Wednesday, January 3, 2018

Pioneer Merchants of Marietta

Marietta Tri-Weekly Register, April 11, 1893

Read by M. P. Wells, Esq., April 7th, Before the Pioneer Society

The pioneer of the pioneer merchants was Dudley Woodbridge, grandfather of the Hon. George M. Woodbridge, whom you all know. He came to Marietta in the summer of 1788 and for several years his partner was Harman Blennerhassett, and the style of the firm, Woodbridge & Blennerhassett. Mr. Woodbridge was succeeded in business by his son Dudley, and George, John and William, his sons, were also in business here.

The pioneer merchants of Harmar were Col. Augustus Stone, Henry Fearing, David Putnam, Abijah Brooke and Levi and David Barber.

It will be fifty-two years next Monday since I came to Marietta. The State was then 39 years old and the town 14 years older than the State. The merchants in business at that time, April 10th, 1841, were Woodbridge & Racer; Col. John Mills; Joseph Holden; John Brophy; Nathaniel Holden; Daniel Green & Son; Stafford, McCune & Steven; Weston Thomas; Dr. John Cotton; Woodbridge & Edgerton; Slocomb & Buck; C. & S. Shipman; J. E. Hall; Wyllis Hall & Son; Hiram Hill; Noah L Wilson; F. B. Loomis and Bosworth & Wells. Very soon followed William F. Curtis; Charles Sheppard; Barber & Rolston; John Marshall; E. B. Perkins; Gurley & Cross and A. & I. Waters.

Joseph Holden did business on the corner now occupied by the First National Bank, and the store of Col. John Mills stood on the site of the Bellevue Hotel. Most of the other stores fronted on the river. The first store opened on Front Street was by Bosworth & Wells. W. F. Curtis, F. B. Loomis, Gurley & Cross, E. B. Perkins and Charles Sheppard followed. Of those involved in but one line of business, Dr. John Cotton was the pioneer in drugs; Slocomb & Buck in books; and Bosworth & Wells in hardware. The other merchants kept a general assortment of goods.

In my early life here we had neither railroads or telegraphs. The steamboat and the stage coach furnished the public means of travel. The farmers around Marietta for the most part lived in log houses and came to town to do their trading either on foot or on horse-back. 

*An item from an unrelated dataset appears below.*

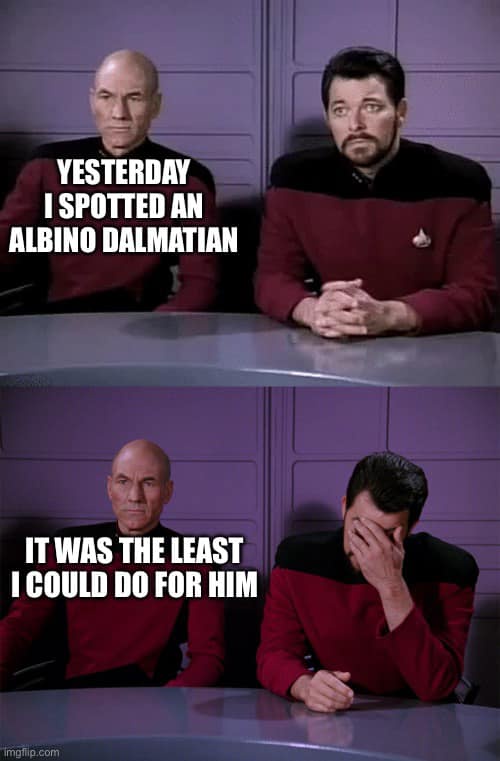 Two men in Star Trek uniforms sit at a table. In the top panel, the man on the left says 'YESTERDAY I SPOTTED AN ALBINO…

From Old Virginia customers came more than a hundred miles, as this was the nearest point at which they could obtain salt. They reached the Ohio river at "Vaucluse," opposite Newport, and the Marietta & Newport Turnpike was built to invite the trade to Marietta. The nearby planters of Virginia often sent their slaves to do their trading and allowed them to accompany them when they came themselves. Now and then they would lose them, as the people on this side always run an underground railroad with terminus in Canada.

Some few farmers owned two-horse wagons, but they were a rarity on our streets. The Marietta "Transfer Company" was then made up of four ox-carts driven by John Marshall, John Richards, Thomas Brookover and St. Clair Muncey. 

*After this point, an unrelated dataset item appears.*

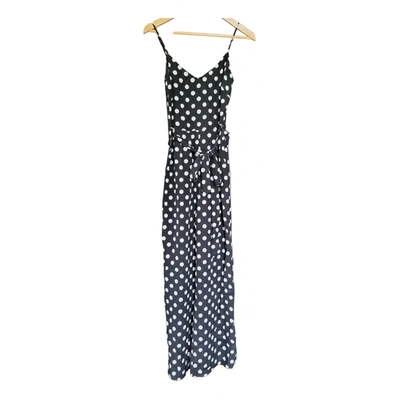 Pre-owned L Agence Silk Jumpsuit In Black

Gold and silver were scarce commodities. A five franc piece passed readily for a dollar and the small change which was of Spanish origin was known as fips, bits or levies. The paper money varied in value, but most of it was at a discount of from 10 to 50 percent. 

The merchants bartered their goods for the produce of the country which, outside of the usual farm products, consisted of grindstones, seneca oil, ginseng, yellow root, bear, deer, otter, mink, raccoon, muskrat and rabbit skins. A muskrat skin was legal tender for a pint of whisky and a coonskin for a quart.

The early merchants of Marietta were largely of New England origin and for the most part, men of sterling integrity, possessed of more than average business sagacity. Some of them, by their good deeds and public spirit, have indelibly impressed their names upon the history of Marietta. A Marietta merchant was one of the founders of Marietta College. 

A branch of the State Bank of Ohio was established here by a Marietta merchant. It supplied a felt want and did our county great good. The Marietta & Cincinnati Railroad, connecting this city with Cincinnati, was projected and built by a Marietta merchant at a cost of several million dollars. Marietta merchants, under the name of the Marietta Ship Company, built the beautiful barques, Marietta, Muskingum and John Farnum. With their rich cargoes of Ohio produce, after leaving New Orleans, they sailed across the seas, one to Boston , one to Cork, Ireland and one to Liverpool.

Coming down to yesterday, it was the liberal subscriptions of the merchants of Marietta that made it possible for Marietta College to erect the new Academy, at a cost of $27,000, which is the pride of both college and city. And finally, the money of Marietta merchants made it possible for the pioneers to hold their banquet in the beautiful "Bellevue Hotel," in which we are now assembled.